Grand Staircase - Escalante National Monument
Mountain biking is a refreshing way to experience the variety of landscapes the Monument has to offer. Note that the trails are dirt roads and that backcountry travel is prohibited via bike. Water is not available along these mountain bike routes, so be sure to carry plenty with you.

The possibilities are nearly endless in Moab with over 120 miles of single track trails mountain bike trails. From challenging slickrock to leisurely backcountry roads, there are trails for riders of all abilities. Bring the family to the Moab Brand Trails or ride with friends on the challenging Amasa Back.

Salt Lake 
Come hike or bike along the Stansbury Island Mountain Bike Trail. This high desert trail offers 9.8 miles of challenging mountain biking and hiking with beautiful views and unique geology.  

St. George
St. George has a variety of trails including the Gooseberry Mesa National Recreation Trail that has been developed to incorporate technical slickrock and single track and the Bear Claw-Poppy Trail that runs through the Red Bluff Area of Critical Environmental Concern which was designated for the protection of the Dwarf Bearclaw Poppy.
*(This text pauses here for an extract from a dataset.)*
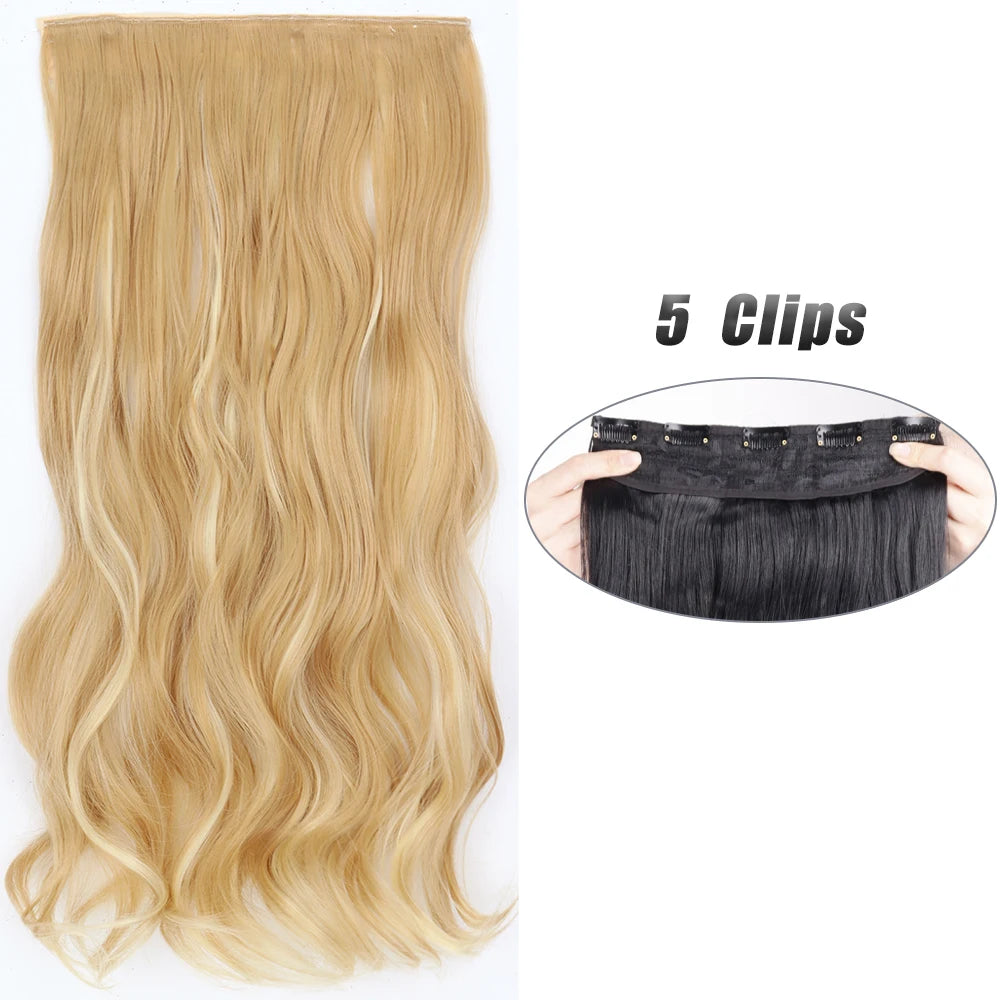 Pixor Synthetic 5 Clip In Hair Extensions Long Straight Hairstyle Hairpiece Black Brown Blonde Fake Hair For Women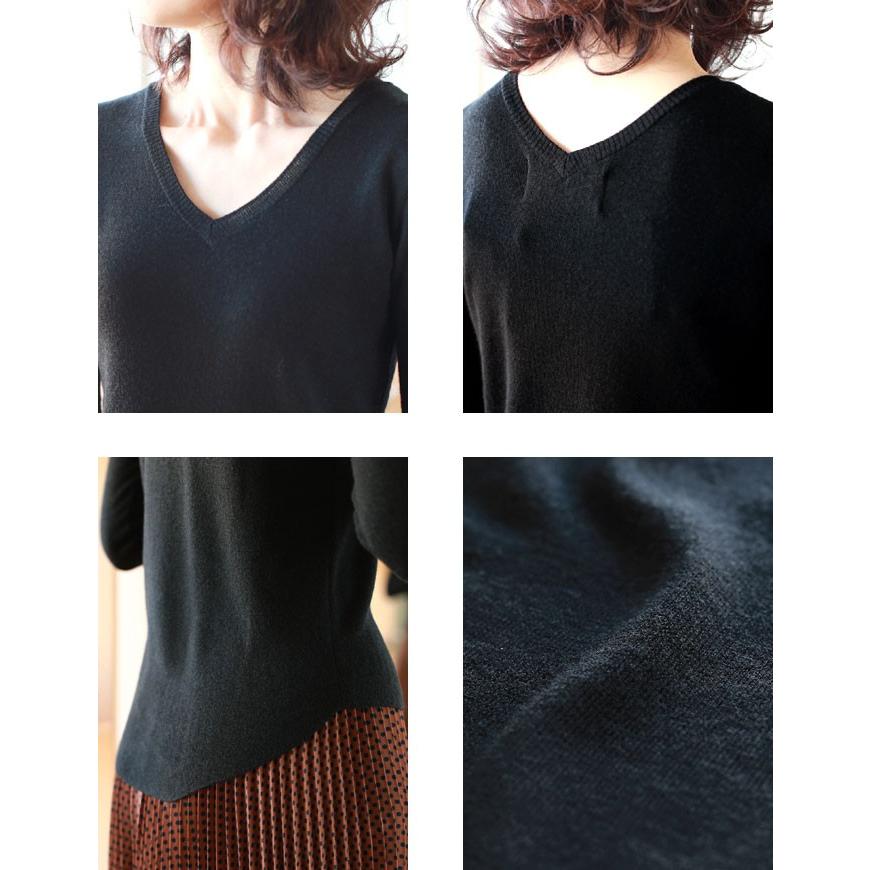 Maglia Plus マリアプラス コットンカシミヤVネックニットセーター 126201 パープル F Maglia Plus マリアプラス コットンカシミヤVネックニットセーター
Riders can enjoy the many miles of unpaved roads or seek out more adventurous routes on the areas numerous singletrack trails. The Uinta Basin offers a unique variety of singletrack, from narrow desert trails in the Red Fleet and McCoy Flats areas, the forested and rocky Flume Trail in Dry Fork Canyon, or the technical challenge of the Rojo Trail.


Permits are required from the BLM for commercial, competitive, or organized group bike events. For information on dates and permit requirements, contact the local field office. 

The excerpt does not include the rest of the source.